* **Work to be completed**: Write out only the lines from the top of the listing below through the one with "Slide: The Image", exactly as they stand, while keeping pictures out of the copy.
*** Information shown ***
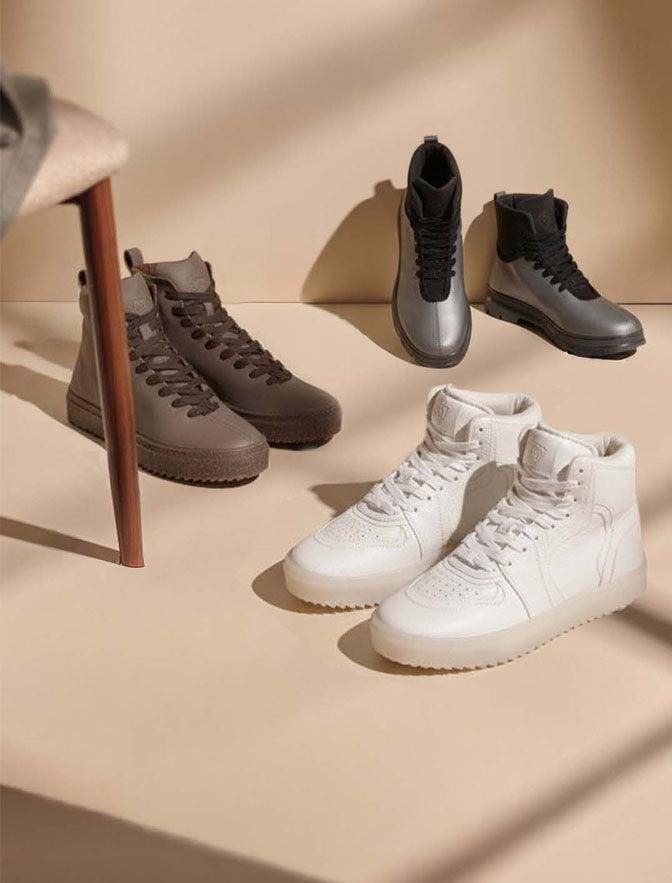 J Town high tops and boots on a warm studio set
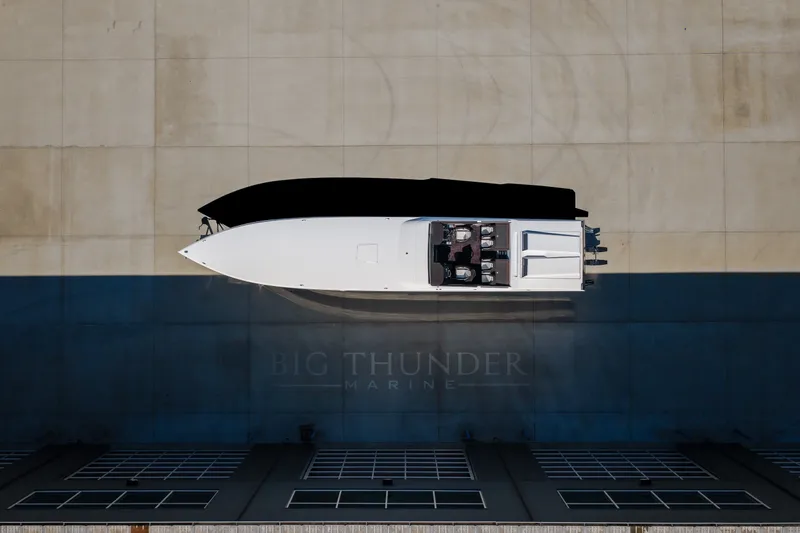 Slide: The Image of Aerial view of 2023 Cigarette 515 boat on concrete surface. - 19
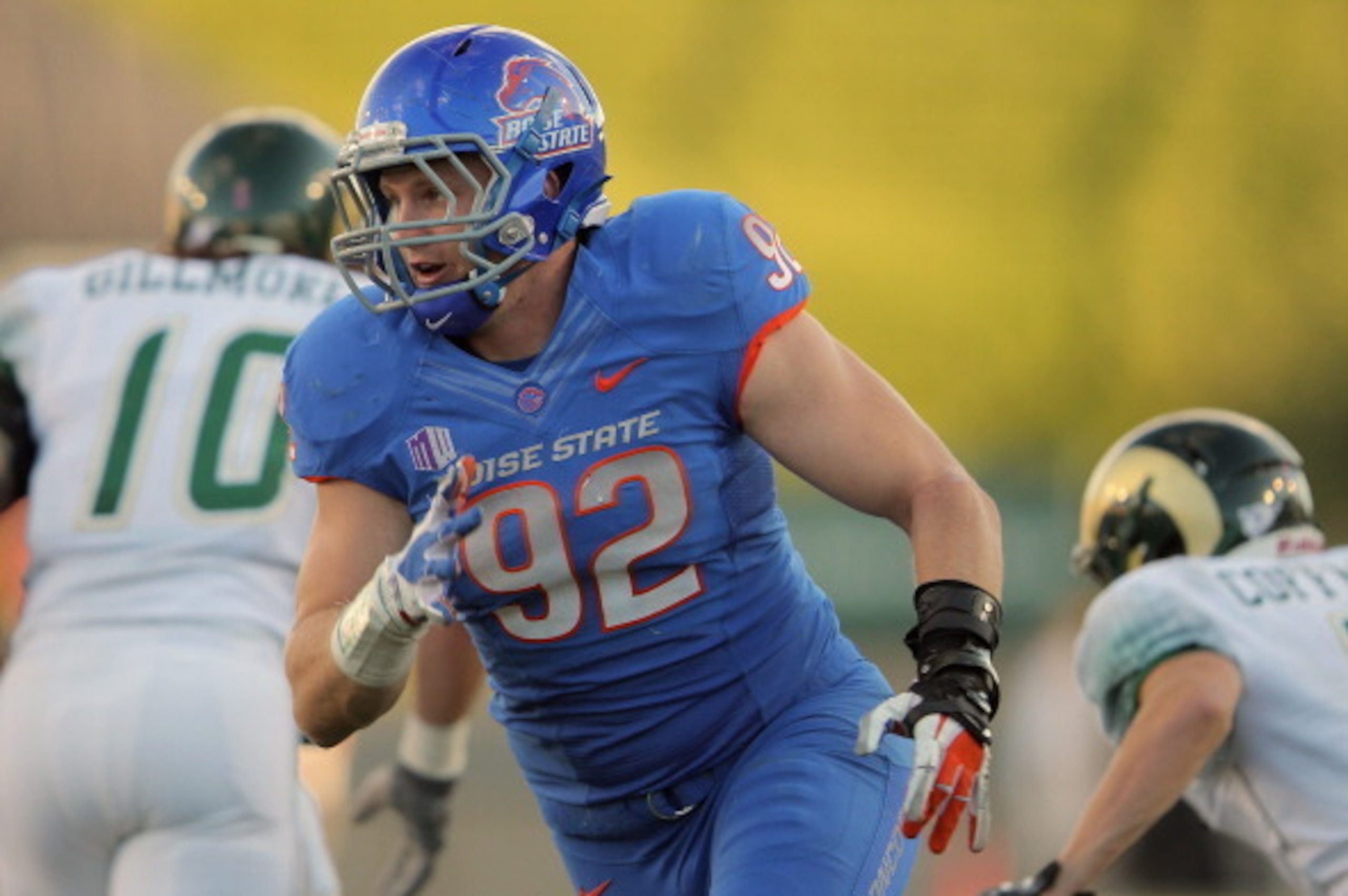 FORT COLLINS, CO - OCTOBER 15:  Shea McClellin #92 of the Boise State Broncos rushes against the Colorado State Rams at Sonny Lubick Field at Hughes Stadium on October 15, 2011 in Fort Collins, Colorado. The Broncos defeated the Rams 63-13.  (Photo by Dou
*** End of Information shown ***
* **Output for this exercise**:
 J Town high tops and boots on a warm studio set
 Slide: The Image of Aerial view of 2023 Cigarette 515 boat on concrete surface. - 19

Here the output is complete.